Androgen deprivation therapy, also known as hormone therapy, involves reducing the flow of male hormones (androgens), especially testosterone, in the body. Since these hormones promote growth of the prostate and of prostate cancer, depriving the body of androgens usually slows the progression of the cancer.

Like chemotherapy, hormone therapy is normally used to combat prostate cancer when it has recurred following surgery or radiation or for patients who come to medical attention after the disease has spread. For some patients with higher-risk, localized prostate cancer, a six month or two year course of hormone therapy is used in conjunction with radiation therapy. About one-third of men diagnosed with prostate cancer receive hormone therapy.

 Often, after some time, prostate tumors find ways to survive and grow without the same input of male hormones. However, hormone therapy does tend to slow the cancer’s spread and reduce or delay the onset of many symptoms of advanced cancer. It can also be combined with other therapies for a more comprehensive treatment. Hormone therapy has many possible side effects, ranging from sexual dysfunction to muscular weakness and bone density loss.

In the past, the standard way of conducting androgen deprivation therapy was to remove the testes, the organs inside the scrotum that produce most male hormones.
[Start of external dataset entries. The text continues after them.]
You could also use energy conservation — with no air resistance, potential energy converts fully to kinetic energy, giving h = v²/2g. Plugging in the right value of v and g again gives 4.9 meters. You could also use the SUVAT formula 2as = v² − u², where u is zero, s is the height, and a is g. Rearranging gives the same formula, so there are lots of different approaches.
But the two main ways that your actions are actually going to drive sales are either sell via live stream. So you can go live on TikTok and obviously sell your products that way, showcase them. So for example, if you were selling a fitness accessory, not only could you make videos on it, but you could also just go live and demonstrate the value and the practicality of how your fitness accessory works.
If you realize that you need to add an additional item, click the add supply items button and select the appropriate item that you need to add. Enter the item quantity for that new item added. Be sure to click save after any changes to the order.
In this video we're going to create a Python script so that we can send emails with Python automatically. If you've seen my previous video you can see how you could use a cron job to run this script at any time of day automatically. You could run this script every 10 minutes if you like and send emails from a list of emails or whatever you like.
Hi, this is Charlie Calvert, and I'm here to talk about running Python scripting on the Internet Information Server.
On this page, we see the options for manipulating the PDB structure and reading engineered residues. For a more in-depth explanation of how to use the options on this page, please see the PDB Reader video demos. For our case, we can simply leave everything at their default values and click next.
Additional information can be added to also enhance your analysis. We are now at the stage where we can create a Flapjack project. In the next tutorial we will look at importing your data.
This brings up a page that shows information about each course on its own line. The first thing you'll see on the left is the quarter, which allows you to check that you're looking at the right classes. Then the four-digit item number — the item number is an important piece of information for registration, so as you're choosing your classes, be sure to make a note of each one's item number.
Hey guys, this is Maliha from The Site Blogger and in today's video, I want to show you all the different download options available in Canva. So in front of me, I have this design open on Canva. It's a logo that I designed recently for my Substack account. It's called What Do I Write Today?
Known as orchiectomy, the procedure is effective and simple, involving only one surgery. It is a viable option, but it is permanent, and tends to be infrequently chosen in the United States. Most men prefer alternative hormone therapy techniques, the effects of which are often more reversible. LHRH agonists, for example, interfere with the signals the body uses to initiate testosterone production. They will cause testosterone levels to massively increase for a very short period of time and then drop to almost nothing and remain there. Normally delivered by an injection, LHRH agonists may be taken at intervals from monthly to yearly (most often given at intervals of three to six months) depending on the specific drug and the dose. You may also receive anti-androgen therapy, alone or in combination with LHRH agonists. Anti-androgens prevent male hormones from binding with cancerous cells. Depending on your situation, you may undergo periodic hormone therapy sessions, then taper off and pick up again if your cancer comes back or starts to progress, or you may remain on hormone therapy indefinitely.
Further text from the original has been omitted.